"What? 'As it is'" asked Mrs. Romilly.

"Well, Mummy dear, no wind. What can they do? They'll be coming down the estuary about now--perhaps crossing the bar. Miss Chance won't feel the swell till they get really out--a good way."

"Are they bound to feel the swell?"

"Mummy, they are. I can assure you it's the sort of heaving that makes one try hard not to think of bacon grease. If you do, you're sorry."

"Poor Miss Chance," said Mrs. Romilly, and laughed.

Pamela looked at her with eyes that were grey-green--sometimes they were blue, sometimes grey--it depended on the sky and the atmosphere.

"I'm rather afraid," she remarked, "that a bit of bad luck is coming to those poor ones. There is a mist. You know how it begins. Bits of ragged chiffon seem to float past one, going nowhere in particular. There isn't a breath of air, and yet a cold kind of draught has arrived."
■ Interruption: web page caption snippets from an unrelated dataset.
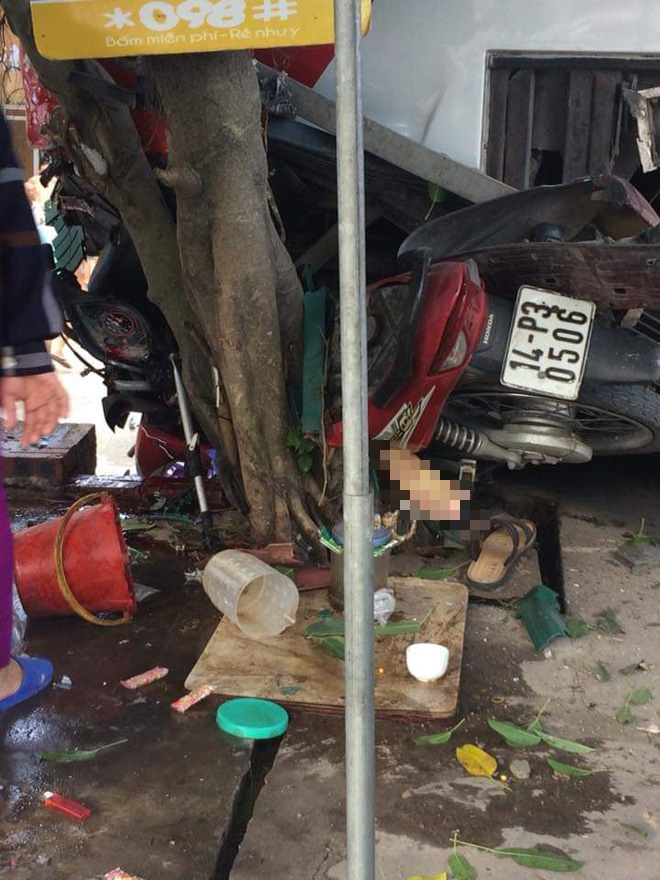 Cận cảnh hiện trường xe khách của nhà xe Đức Hùng gặp nạn khiến 5 người thương vong ở Quảng Ninh - Ảnh 6.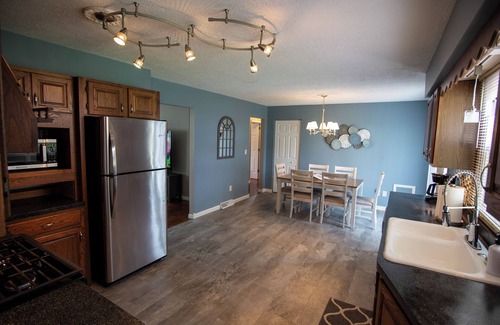 Warren House | Barcade and rope swing bar, 5 minutes from The Avalon Grand Resort and Golf!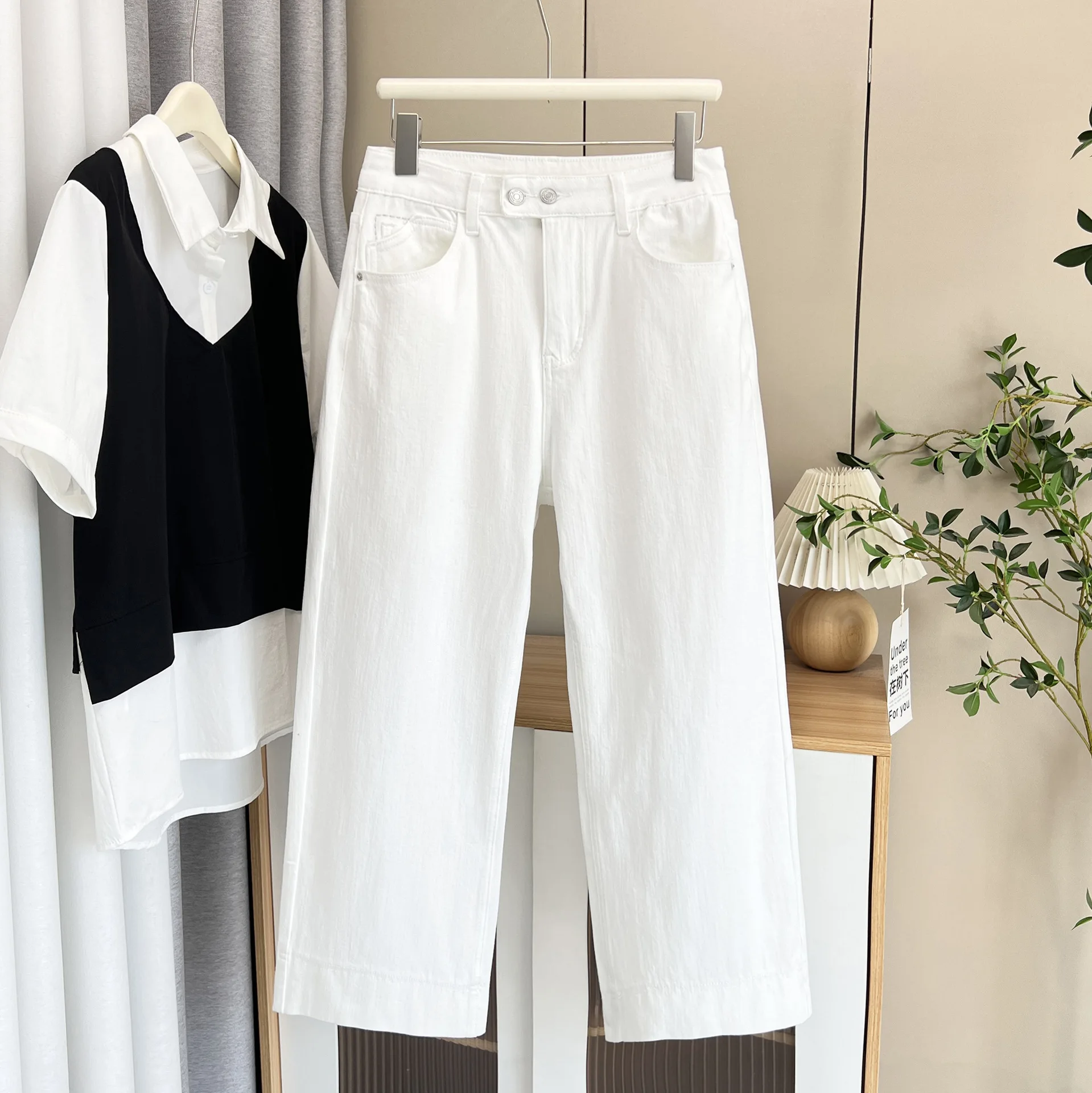 2025 Plus Size Women's Jeans Casual Ankle Style Bottoms 100KG Premium White Denim Straight Leg Pants 5322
"I am sorry," said Mrs. Romilly, with feeling, "but a fog won't prevent their getting home. If they keep close in, the cliffs are so very obvious."

Pamela made no comment on this; she simply said it certainly would not prevent her walk to Clawtol for the eggs, while through her mind ran the idea that nothing could be better than a good thick white mist--such as they got in perfection at Bell Bay--for her mystery hunting expedition.

She kissed her mother and went, feeling joyous and independent. Her plan was cut and dried, so to speak, all settled--and when plans are like that they are very apt to turn topsy-turvy, and land people where they least expected to be.